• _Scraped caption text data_
==============================
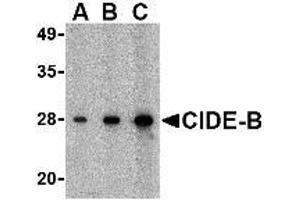 Image no. 3 for anti-Cell Death-Inducing DFFA-Like Effector B (CIDEB) (C-Term) antibody (ABIN499631)
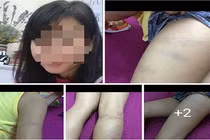 Bắc Ninh: Giáo viên chủ nhiệm đánh học sinh dã man?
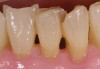 Figure 1  This patient presented with generalized gingival recession of the mandibular anterior teeth. There were no changes in the root surfaces that would indicate the beginning of the demineralization process. Although no surface demineralization process had occurred, these root surfaces would respond to remineralization therapy. The positive changes may include: hard, shiny root surfaces and a reduction in dentinal hypersensitivity.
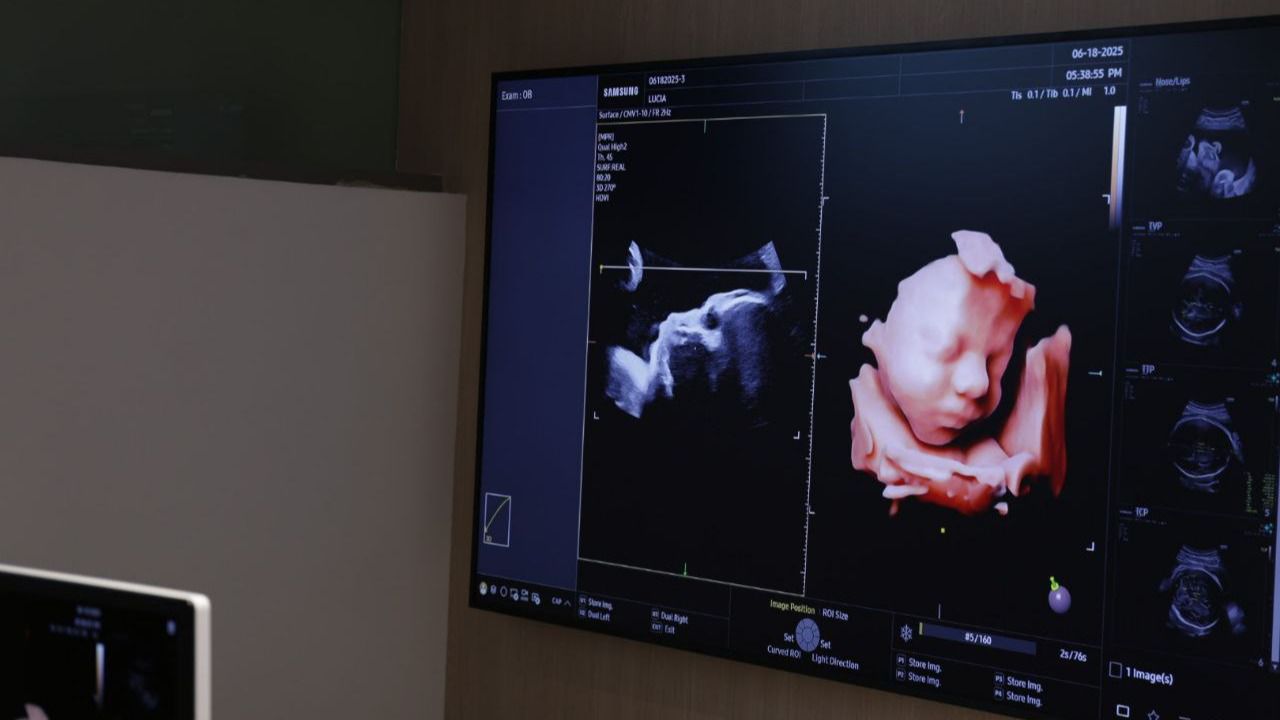 Una de las imágenes de una ecografía de embarazo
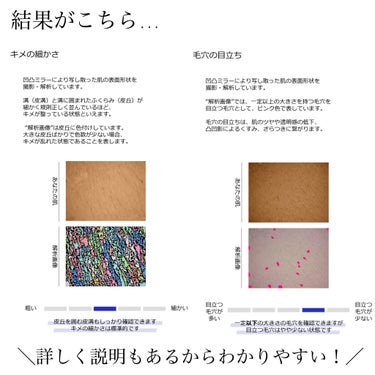skin analysis kit（肌診断キット）/coco.skin/その他スキンケアを使ったクチコミ（5枚目）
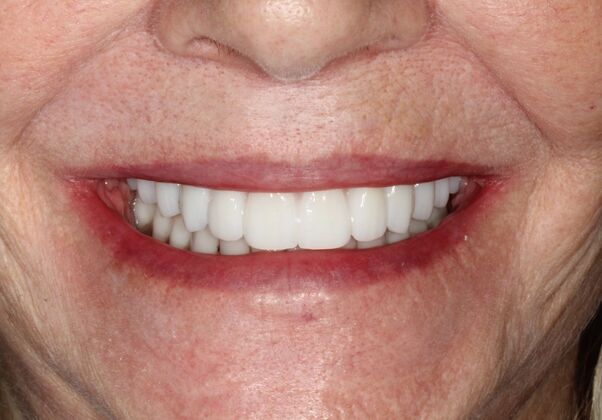 All-on-4 Dental Implants Brooklyn, NY: Case 3 - After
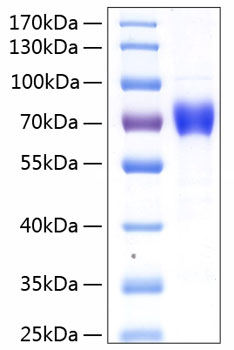 Recombinant Human IL-12A/IL-12 p35 Protein was determined by SDS-PAGE under reducing conditions with Coomassie Blue.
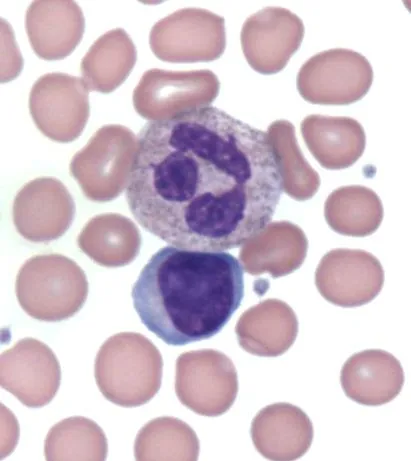 cancerului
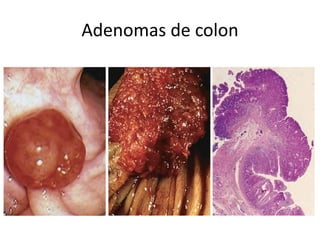 Adenomas de colon
 
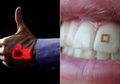 7 Penemuan dalam Bidang Kesehatan Paling Luar Biasa Tahun 2018: dari Vaksin Antikanker hingga 'Update' Memori Otak!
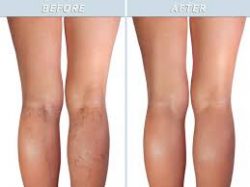 Varicose Veins Treatment Near Me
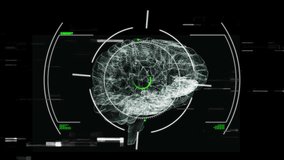 Animation of glitch effect and scope scanning over spinning human brain icon on black background. Medical research technology concept - Powered by Shutterstock - Get 15% off with code: PIKWIZARD15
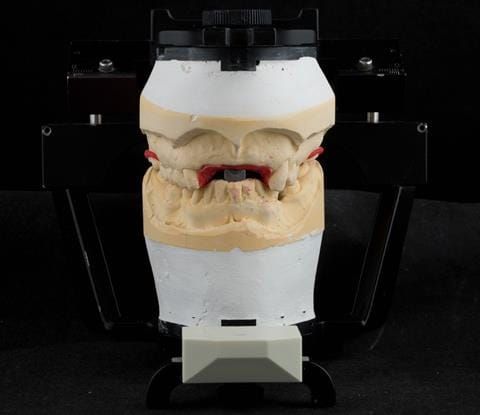 Figure 86. Pattern resin framework prototype of the cobalt chromium connectors to verify fit and occlusal relation - on Denar Mk 2 articulator.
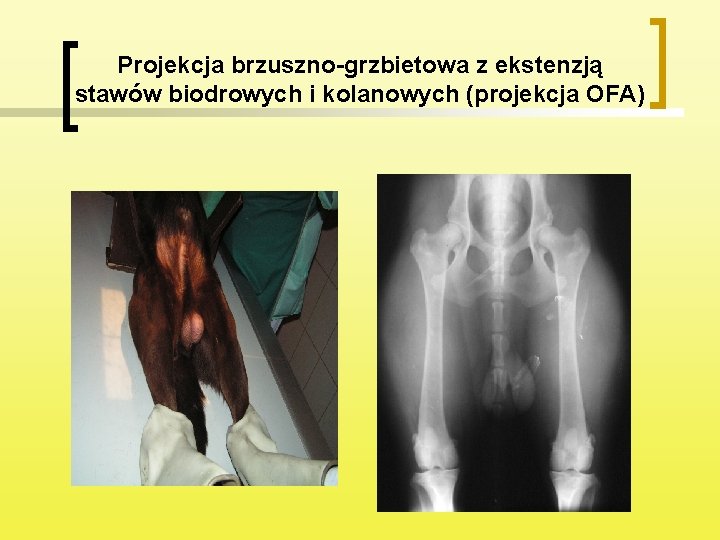 Projekcja brzuszno-grzbietowa z ekstenzją stawów biodrowych i kolanowych (projekcja OFA) 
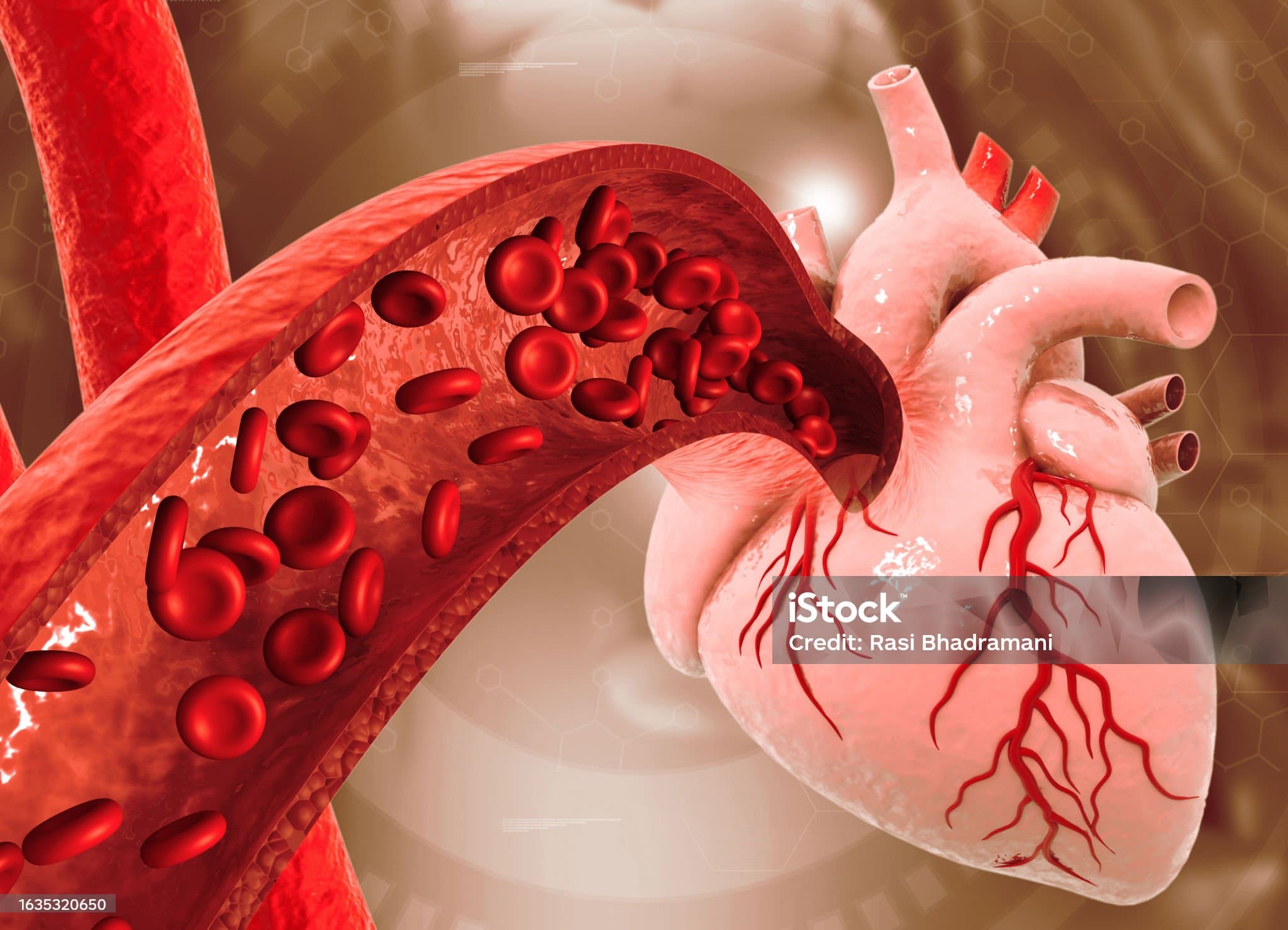 LDL콜레스테롤 수치 낮추기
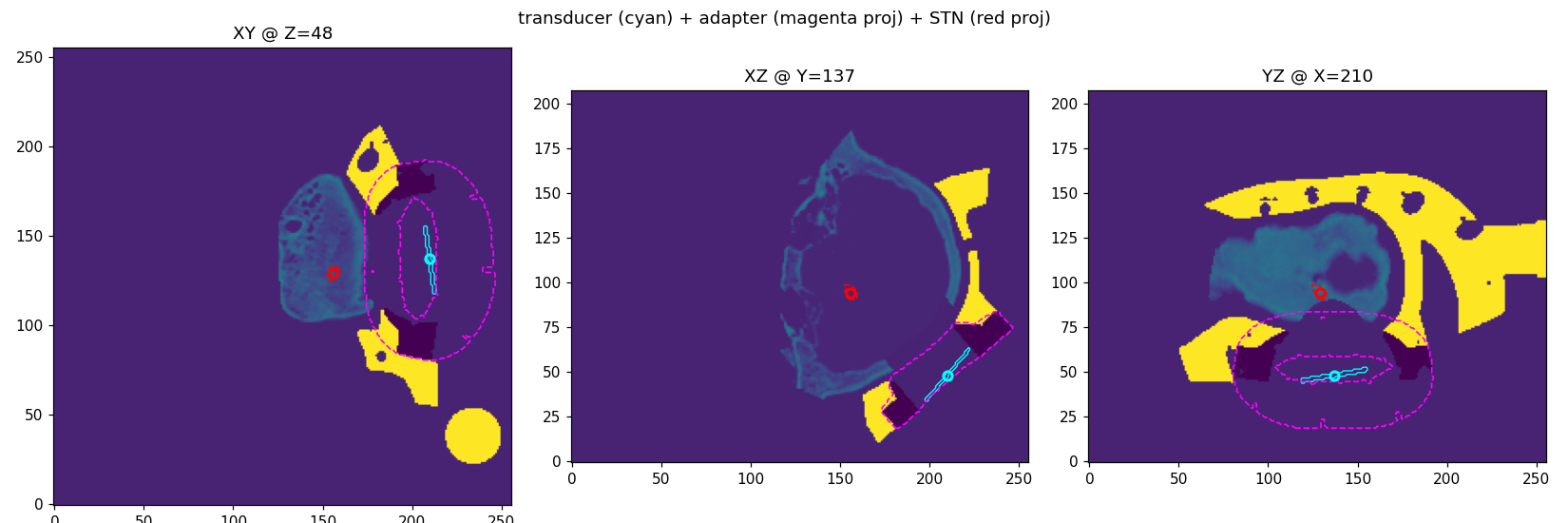 Sound-speed maps in three planes showing the transducer inside the device adapter aimed at the target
==============================
• _ACTIVITY_
Without any of the pictures, set the entries down again exactly as written.

• _COMPLETED EXERCISE_
 Image no. 3 for anti-Cell Death-Inducing DFFA-Like Effector B (CIDEB) (C-Term) antibody (ABIN499631)
 Bắc Ninh: Giáo viên chủ nhiệm đánh học sinh dã man?
 Figure 1  This patient presented with generalized gingival recession of the mandibular anterior teeth. There were no changes in the root surfaces that would indicate the beginning of the demineralization process. Although no surface demineralization process had occurred, these root surfaces would respond to remineralization therapy. The positive changes may include: hard, shiny root surfaces and a reduction in dentinal hypersensitivity.
 Una de las imágenes de una ecografía de embarazo
skin analysis kit（肌診断キット）/coco.skin/その他スキンケアを使ったクチコミ（5枚目）
 All-on-4 Dental Implants Brooklyn, NY: Case 3 - After
 Recombinant Human IL-12A/IL-12 p35 Protein was determined by SDS-PAGE under reducing conditions with Coomassie Blue.
 cancerului
 Adenomas de colon
 
 7 Penemuan dalam Bidang Kesehatan Paling Luar Biasa Tahun 2018: dari Vaksin Antikanker hingga 'Update' Memori Otak!
 Varicose Veins Treatment Near Me
 Animation of glitch effect and scope scanning over spinning human brain icon on black background. Medical research technology concept - Powered by Shutterstock - Get 15% off with code: PIKWIZARD15
 Figure 86. Pattern resin framework prototype of the cobalt chromium connectors to verify fit and occlusal relation - on Denar Mk 2 articulator.
 Projekcja brzuszno-grzbietowa z ekstenzją stawów biodrowych i kolanowych (projekcja OFA) 
 LDL콜레스테롤 수치 낮추기
 Sound-speed maps in three planes showing the transducer inside the device adapter aimed at the target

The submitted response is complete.